Make an exact copy of the whole listing, but leave its pictures out.

Provided material -
__________________________________________________
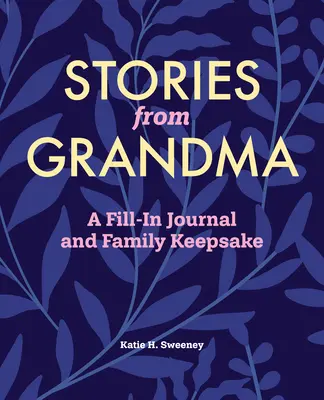 Historias de la abuela: Un diario para rellenar y un recuerdo familiar - Stories from Grandma: A Fill-In Journal and Family Keepsake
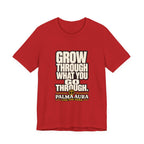 Copy of Grow Through what you go through T‑Shirt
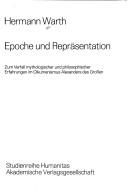 Cover of: Epoche und Repräsentation: zum Verfall mythologischer und philosophischer Erfahrungen im Oikumenismus Alexander des Grossen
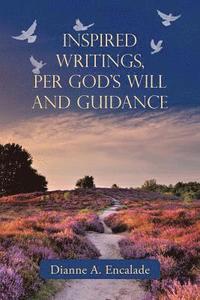 bokomslag Inspired Writings, Per God's Will and Guidance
__________________________________________________
Solution to this exercise -
 Historias de la abuela: Un diario para rellenar y un recuerdo familiar - Stories from Grandma: A Fill-In Journal and Family Keepsake
 Copy of Grow Through what you go through T‑Shirt
 Cover of: Epoche und Repräsentation: zum Verfall mythologischer und philosophischer Erfahrungen im Oikumenismus Alexander des Grossen
 bokomslag Inspired Writings, Per God's Will and Guidance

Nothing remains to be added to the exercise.